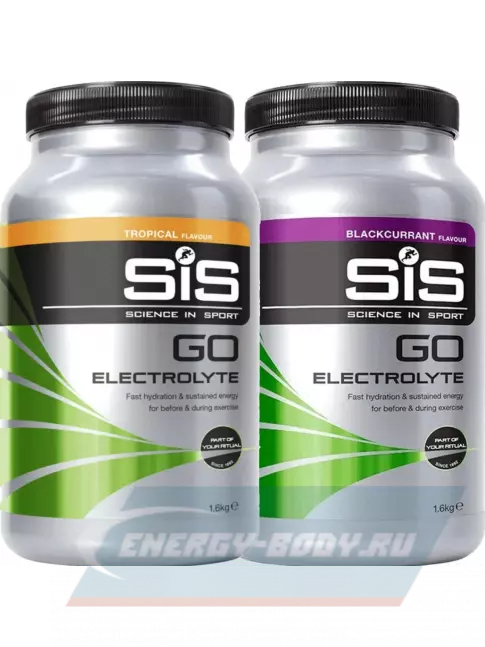  SCIENCE IN SPORT (SiS) GO Electrolyte Powder 2 x 1600 г, Тропические фрукты, Черная смородина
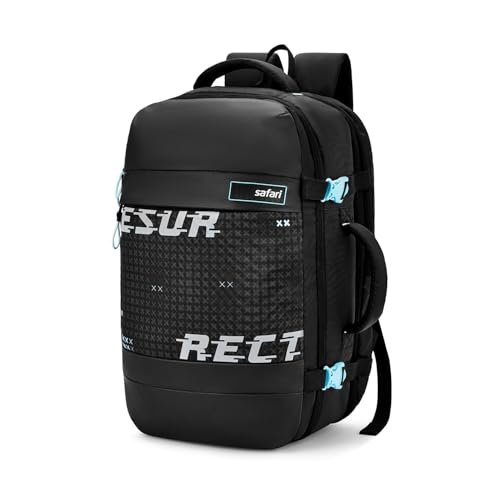 Safari Weekender 45L Large size Travel Laptop Backpack Bag for Man and Women with suitcase compartment, Ideal for Office Use/Work Trips, Large School/College Bags for boys & girls, Color-Black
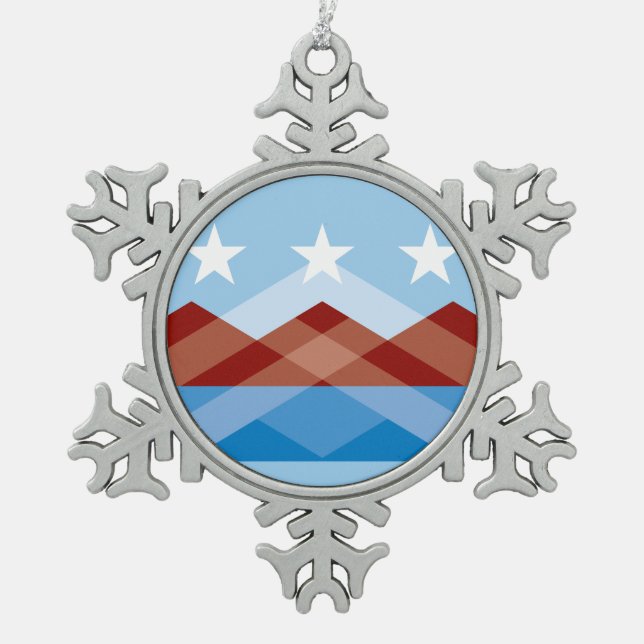 Flag of Peoria, Arizona Snowflake Pewter Christmas Ornament (Front)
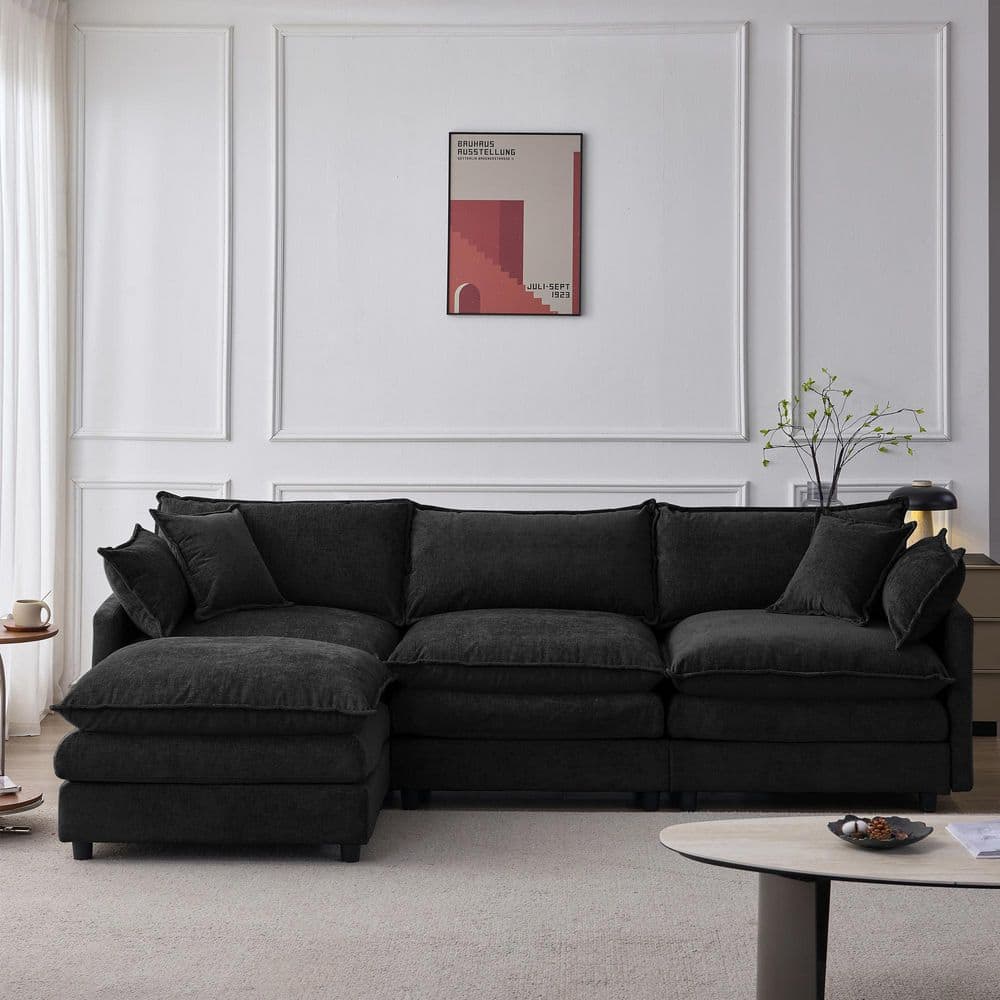Weyric Modern 105 in. Chenille Upholstered L-Shape 3-Seats Modular Sectional Sofa in Black with Ottoman, Pillows price history on PriceWatchPro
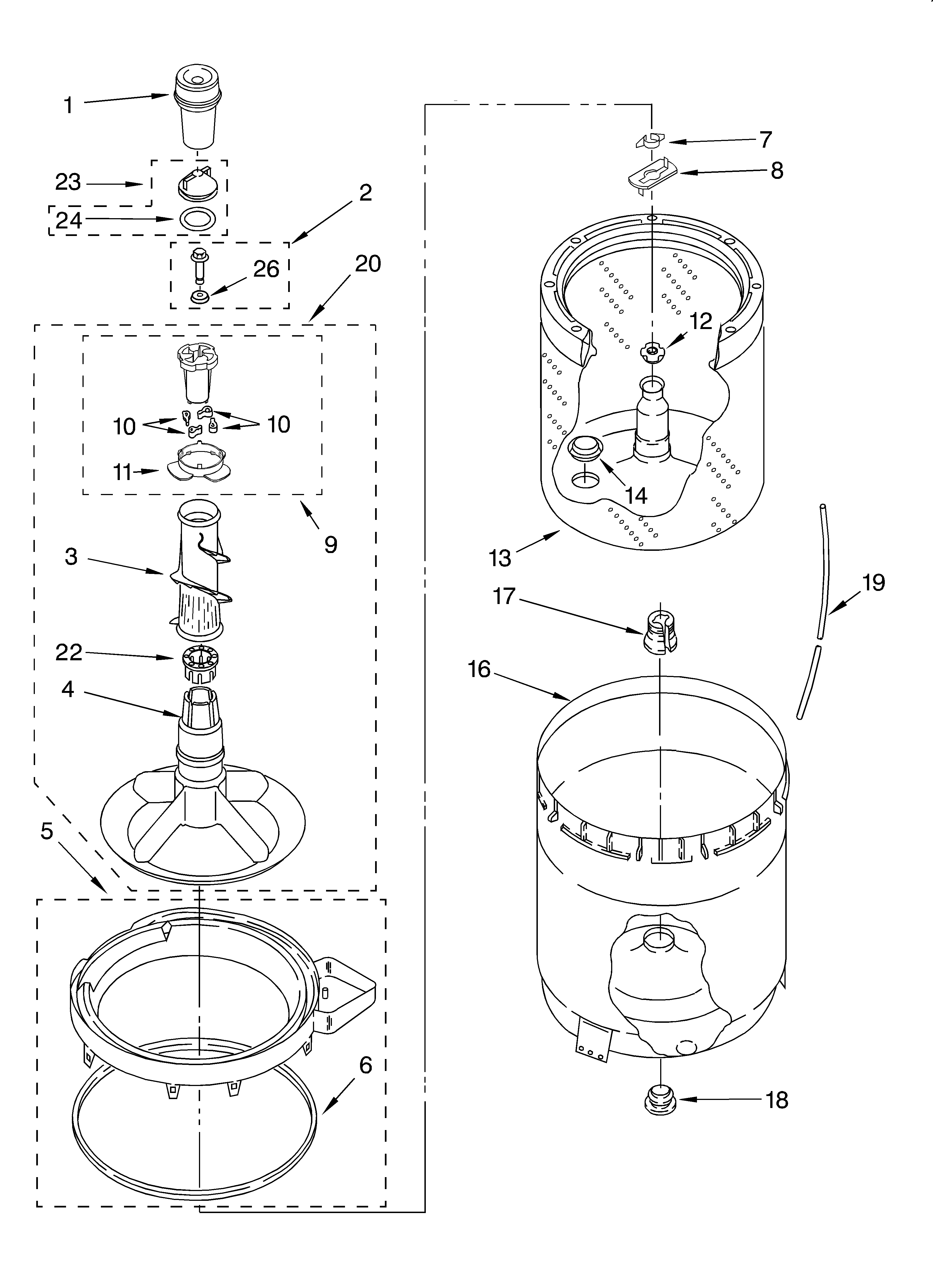 AGITATOR, BASKET AND TUB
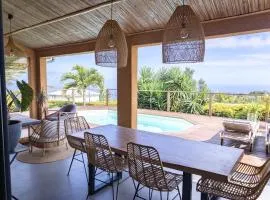Villa cactus avec piscine et vue mer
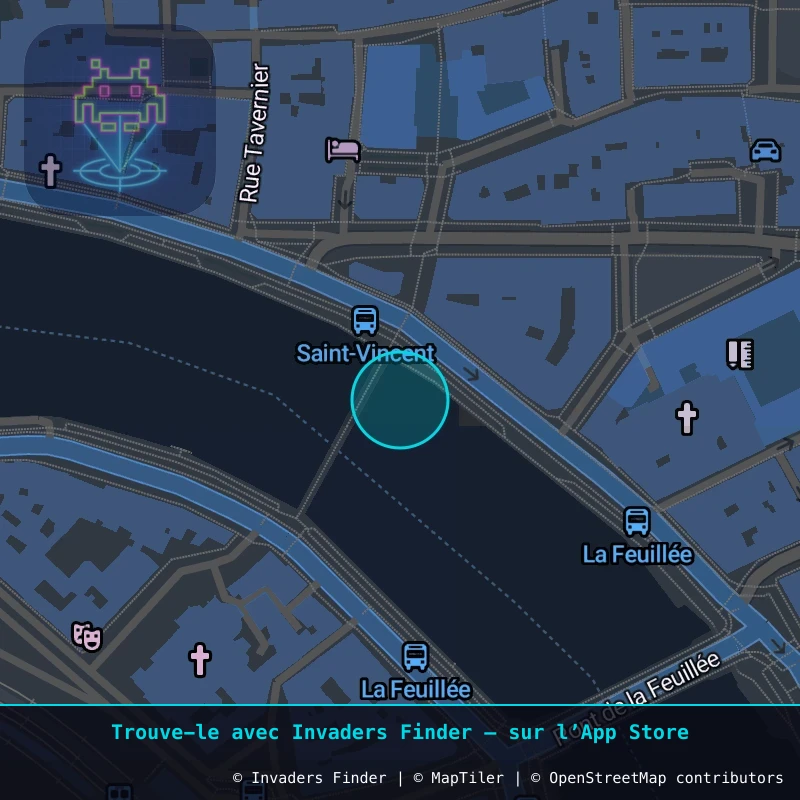 Zone approximative de l'invader LY_06, dans le quartier Terreaux, Lyon à Lyon. Emplacement exact disponible dans l'app Invaders Finder.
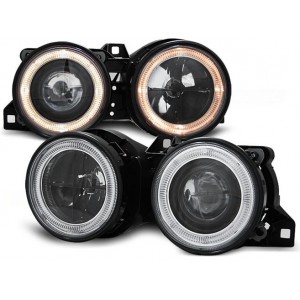 BMW E30 BLACK Angel Eyes soczewkowe Ringi DEPO LPBM23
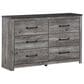 Signature Design by Ashley Bronyan 6-Drawer Dresser and Mirror in Dark Gray, , large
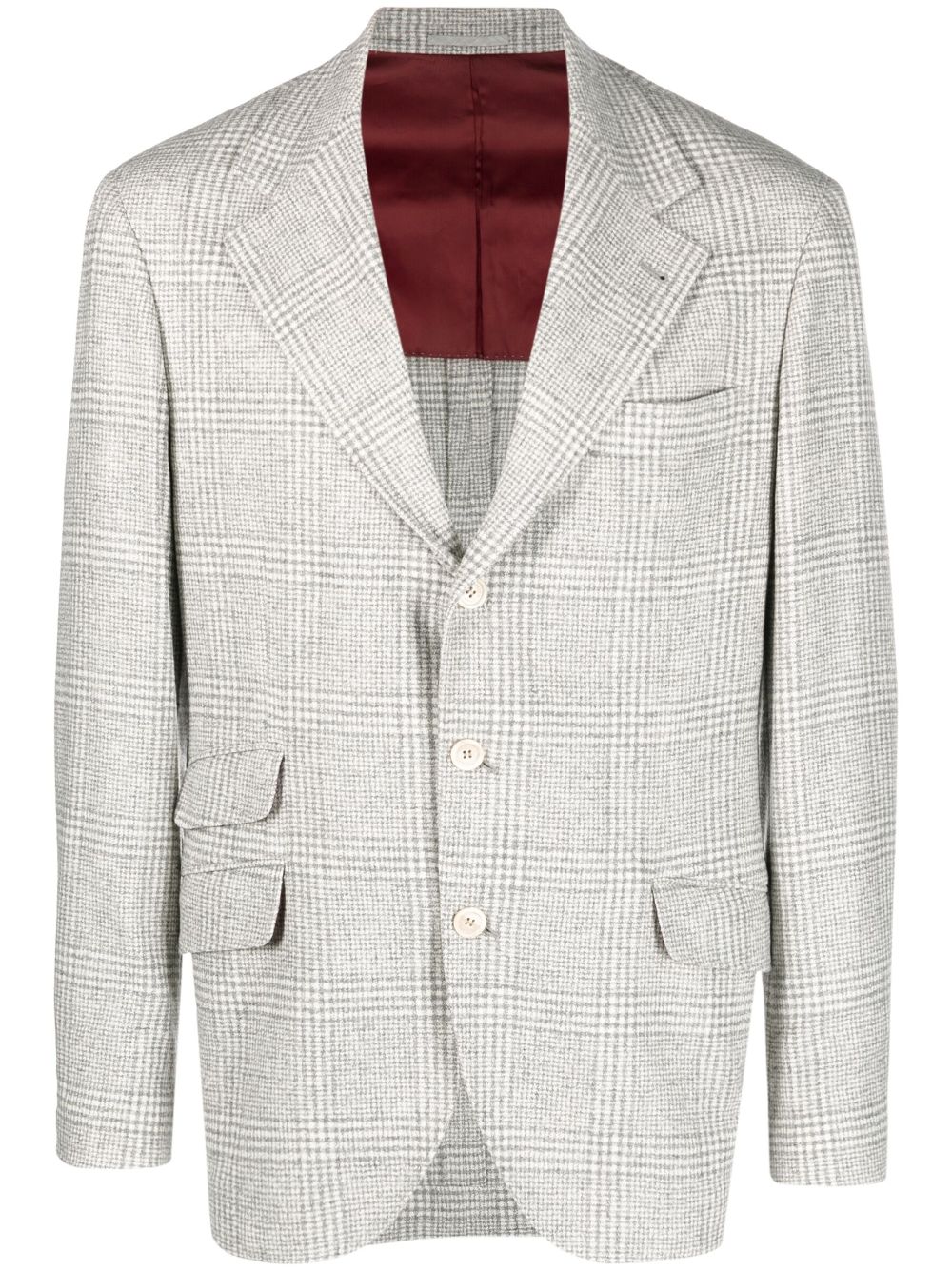 Checked wool-silk blazer - White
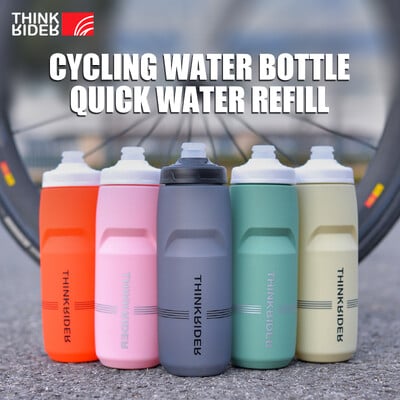 ThinkRider Bicycle Bottle MTB шосеен велосипед Бутилка за вода Спорт на открито Пластмасова преносима Бутилка за вода с голям капацитет Напитка Колоездене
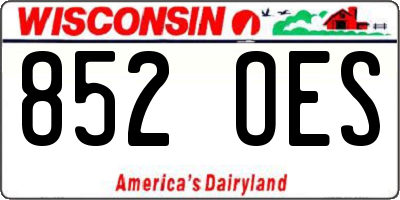 WI license plate 852OES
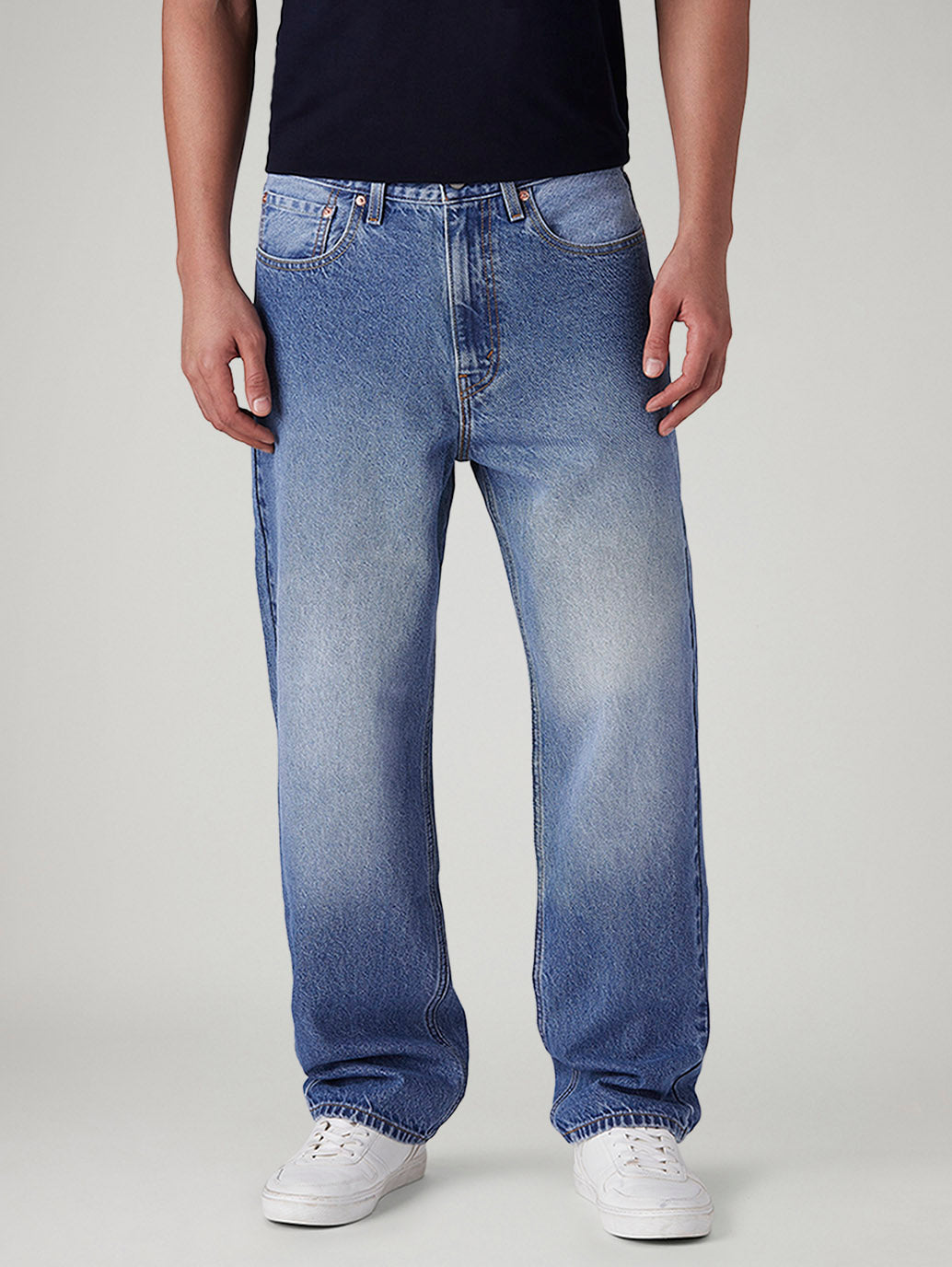 Men's 568 Blue Loose Fit Mid Rise Jeans - Front View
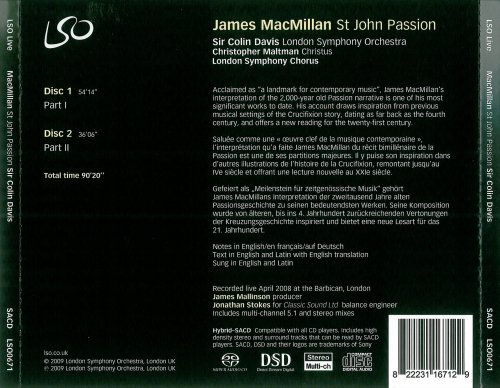 Sir Colin Davis - MacMillan: St John Passion (2009)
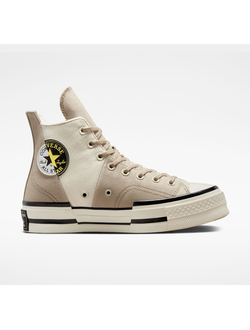 Кеды Converse Converse Chuck 70 Plus Logo Collage бежевые высокие на платформе A02774C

━━━

Problem statement: The copy should hold exactly the lines from the line containing "WI license plate 852OES" through the last line of the records, both included, and no pictures or other lines.

Result for this task:
 WI license plate 852OES
 Men's 568 Blue Loose Fit Mid Rise Jeans - Front View
 Sir Colin Davis - MacMillan: St John Passion (2009)
 Кеды Converse Converse Chuck 70 Plus Logo Collage бежевые высокие на платформе A02774C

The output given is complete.